Task description - Leave every picture out, and print the full listing again exactly.

Dataset extract -
-=-=-=-=-

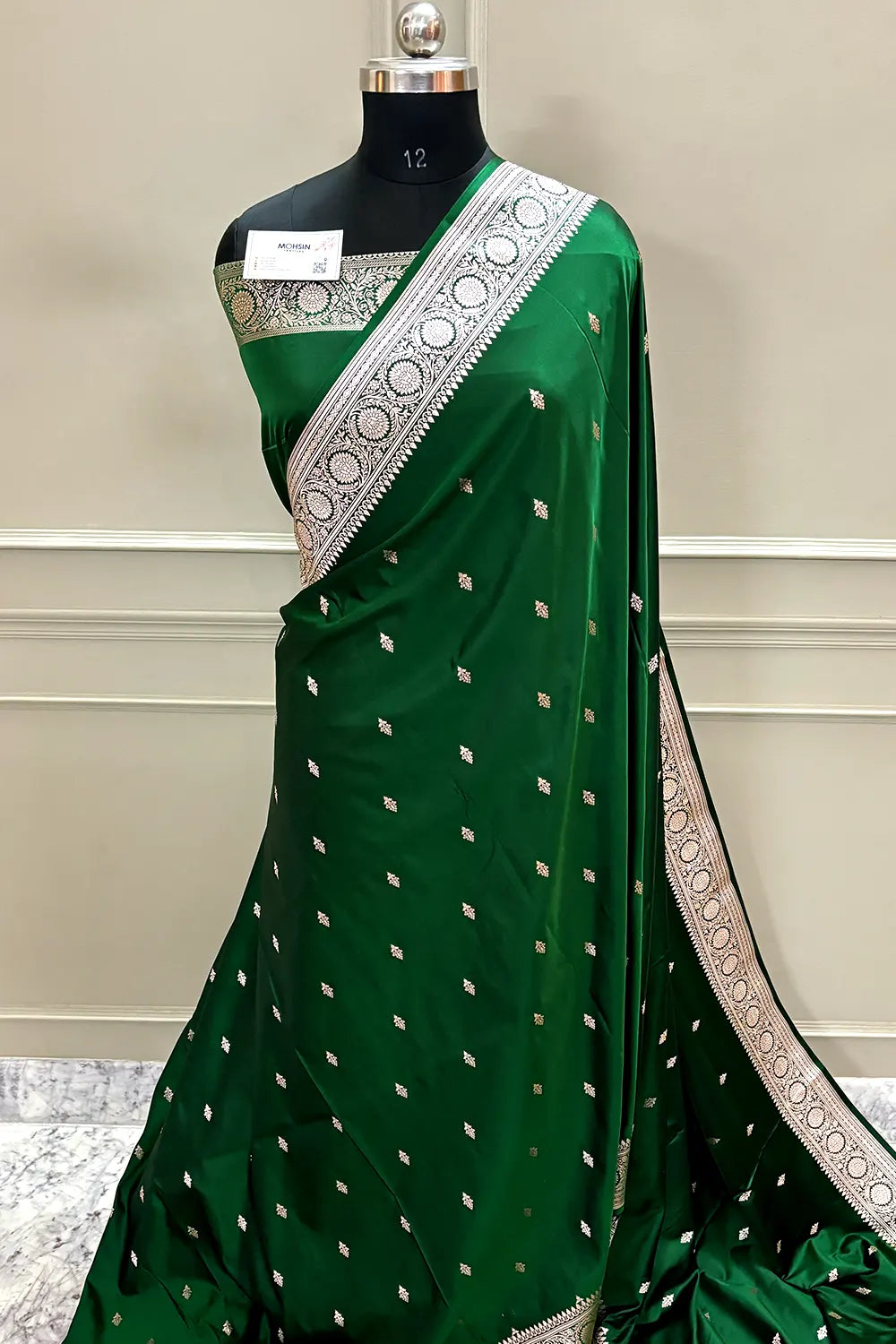 Green Zari Katan Silk Banarasi Saree
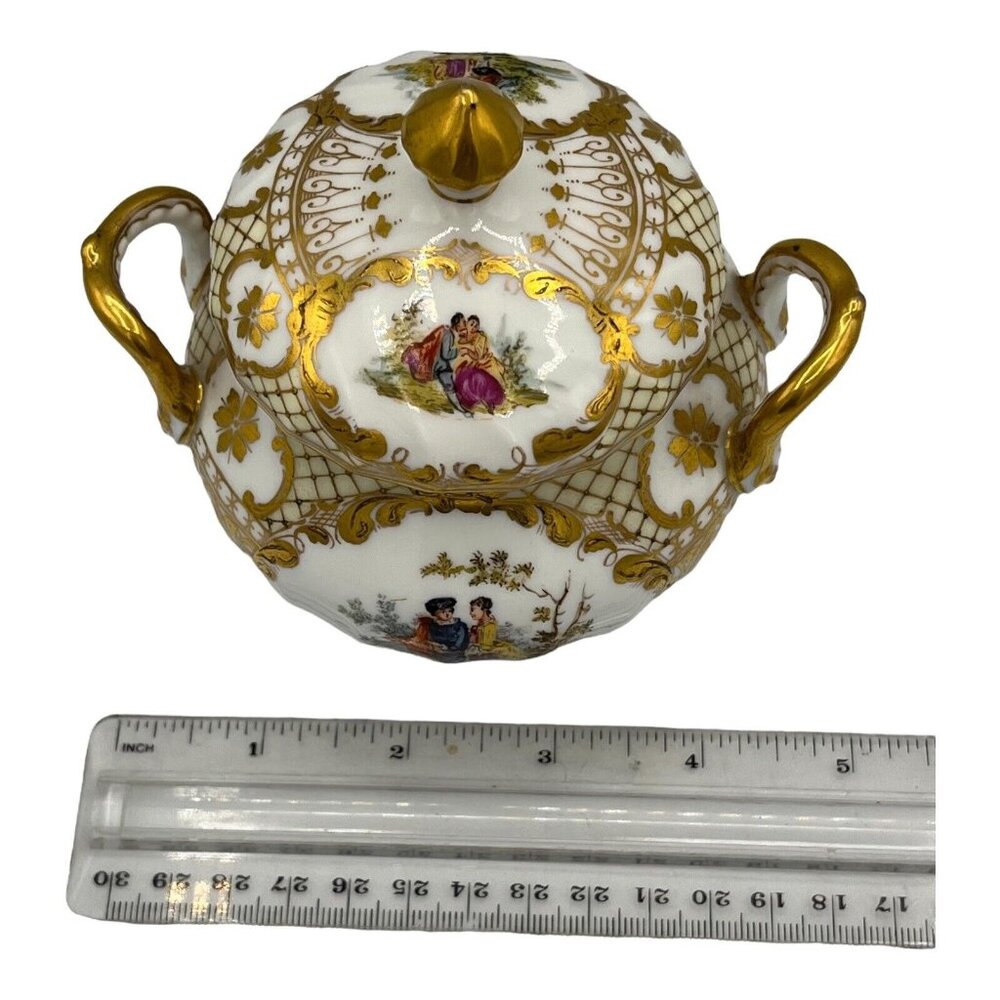 Antique Dresden Ohme Germany Creamer & Sugar Hand Painted Watteau Scenes Gold - Picture 14 of 16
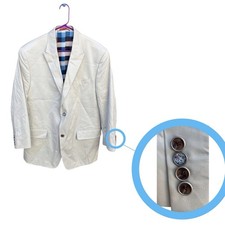 Robert Graham Cream-Khaki Cotton Blazer Sport Coat Jacket 2-Button Plaid Lined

-=-=-=-=-

Answer space -
 Green Zari Katan Silk Banarasi Saree
 Antique Dresden Ohme Germany Creamer & Sugar Hand Painted Watteau Scenes Gold - Picture 14 of 16
 Robert Graham Cream-Khaki Cotton Blazer Sport Coat Jacket 2-Button Plaid Lined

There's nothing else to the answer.